=== RECORD EXCERPTS ===
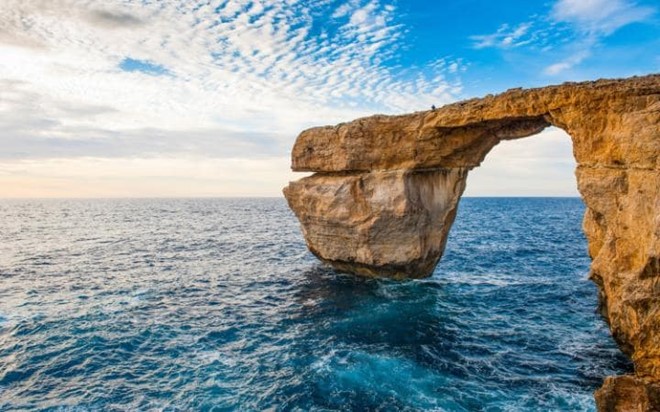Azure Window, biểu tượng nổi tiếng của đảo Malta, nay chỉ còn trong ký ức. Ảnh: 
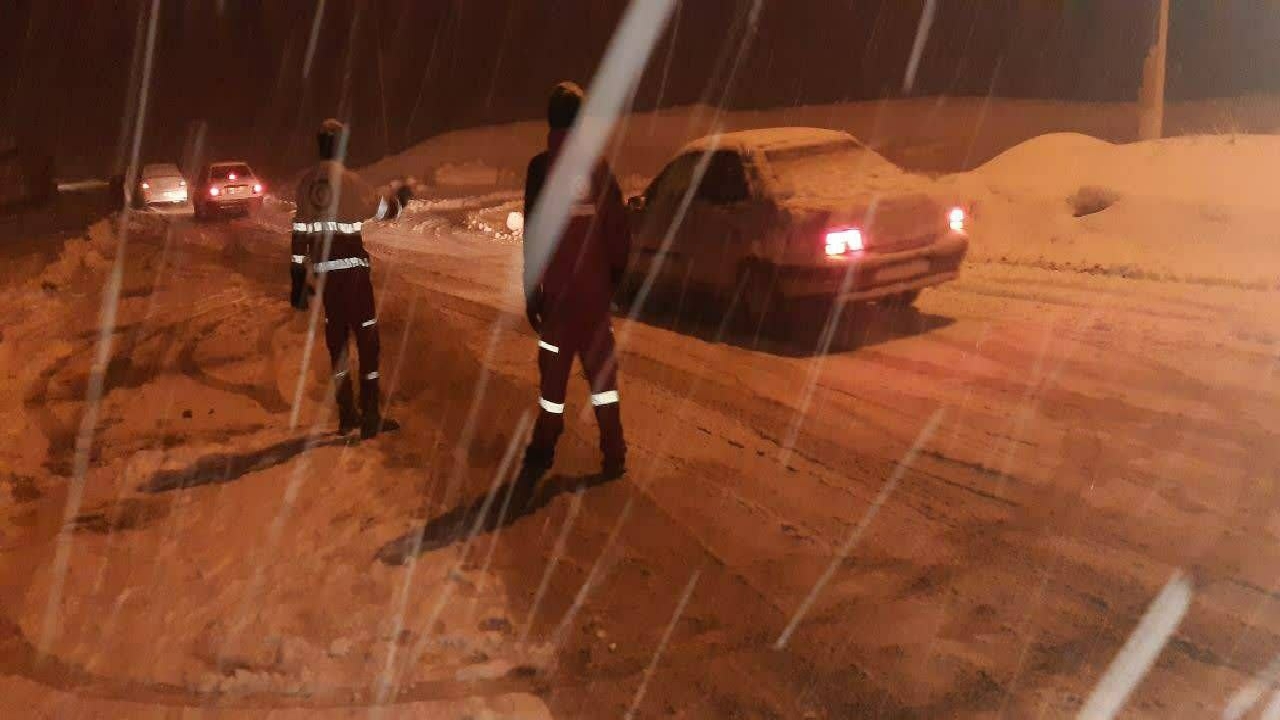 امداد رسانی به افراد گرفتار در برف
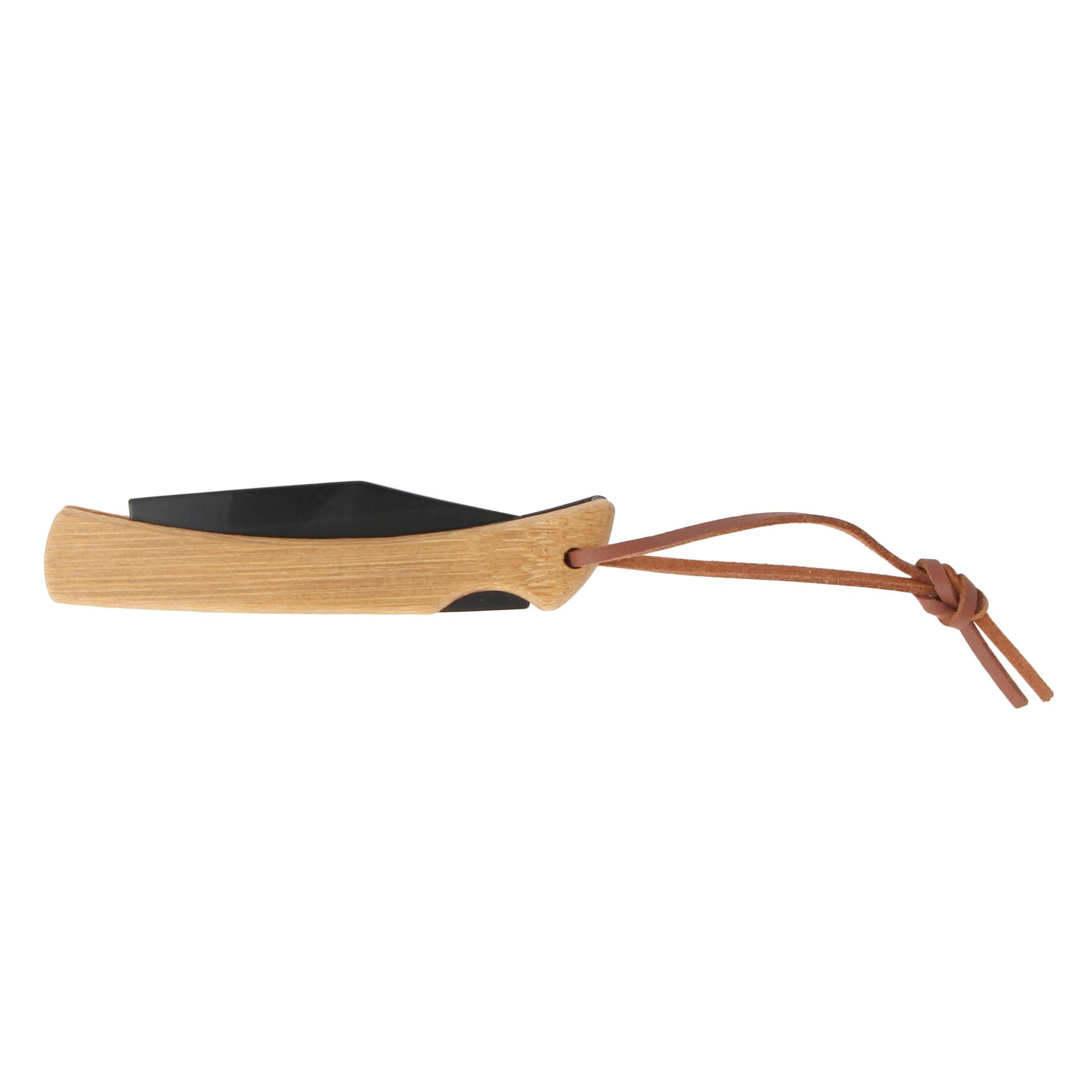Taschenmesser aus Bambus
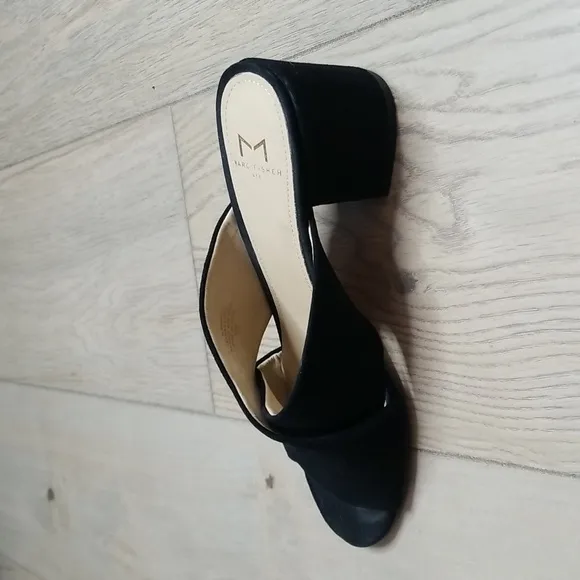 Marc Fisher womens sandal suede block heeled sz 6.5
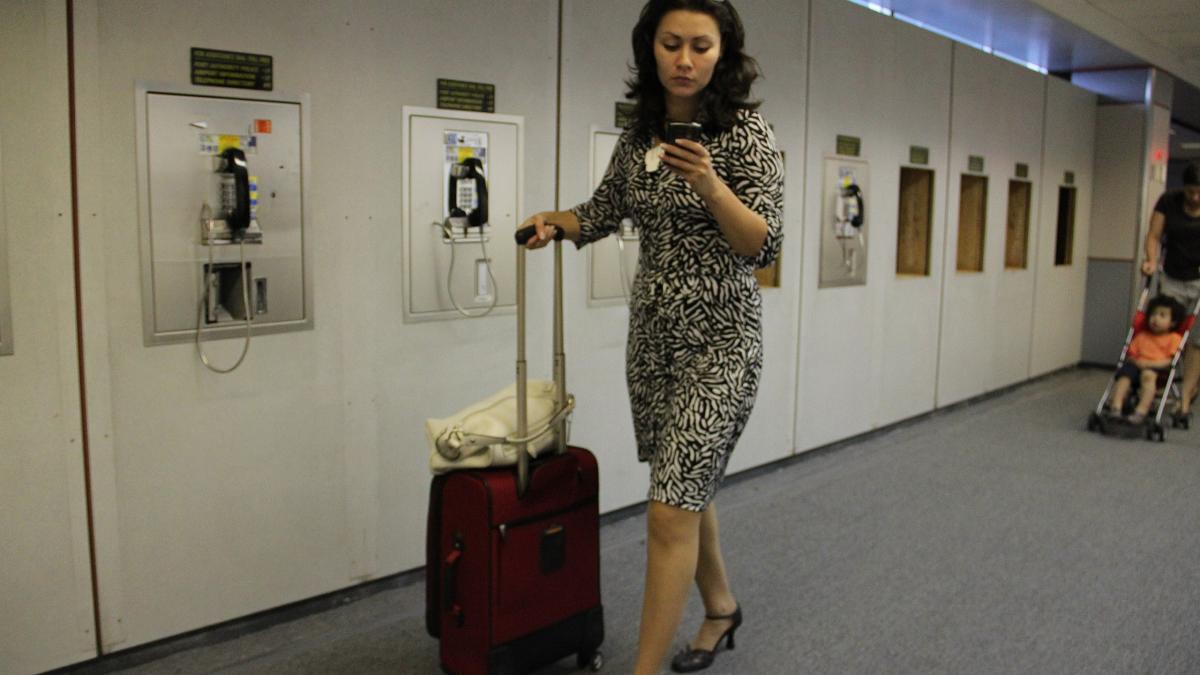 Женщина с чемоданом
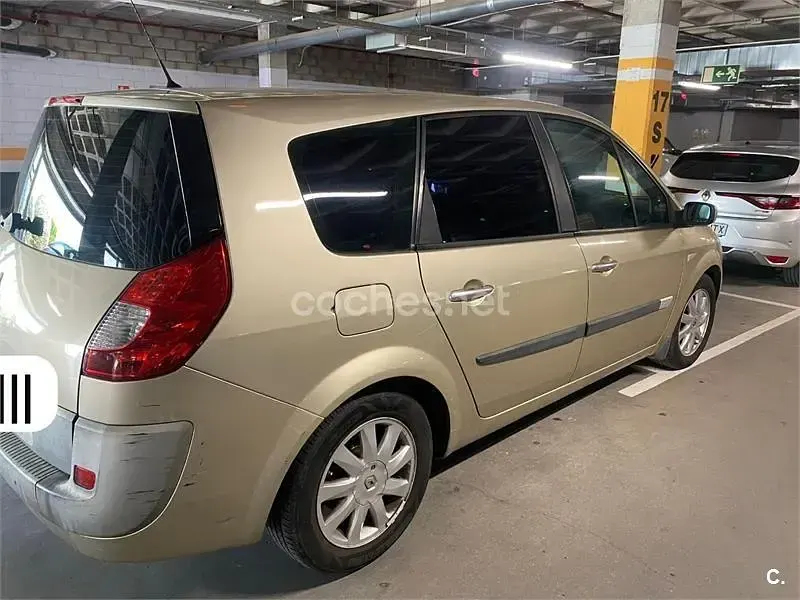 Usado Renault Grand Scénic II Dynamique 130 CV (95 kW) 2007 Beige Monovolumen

=== PROMPT ===
What you return must be the entries above, exactly as they appear, without any pictures.

=== YOUR RESPONSE ===
Azure Window, biểu tượng nổi tiếng của đảo Malta, nay chỉ còn trong ký ức. Ảnh: 
 امداد رسانی به افراد گرفتار در برف
Taschenmesser aus Bambus
 Marc Fisher womens sandal suede block heeled sz 6.5
 Женщина с чемоданом
 Usado Renault Grand Scénic II Dynamique 130 CV (95 kW) 2007 Beige Monovolumen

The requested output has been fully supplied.